> [INSTRUCTIONS FOR THE TASK]: Find the line with "машину BOSCH б/у" in the data below. Repeat it and every line after it exactly, but not the pictures.

> [DATA BELOW]:
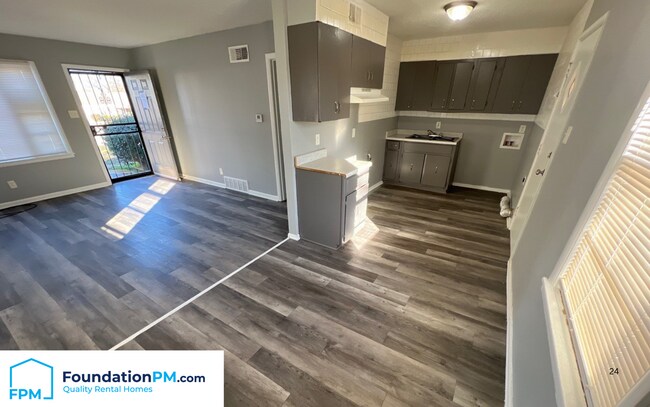 Foto del edificio - 389 W Mitchell Rd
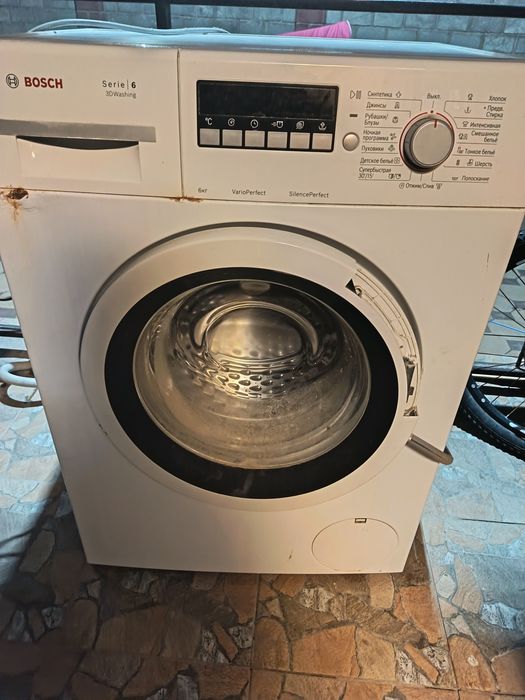 Продаю стиральную  машину BOSCH б/у
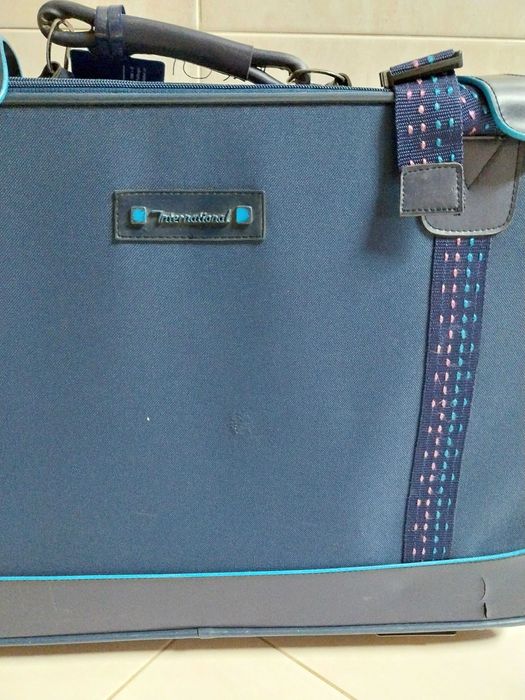 Mala de viagem Azul, com rodas, em muito bom estado. International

> [RESULT OF THE EXERCISE]:
 Продаю стиральную  машину BOSCH б/у
 Mala de viagem Azul, com rodas, em muito bom estado. International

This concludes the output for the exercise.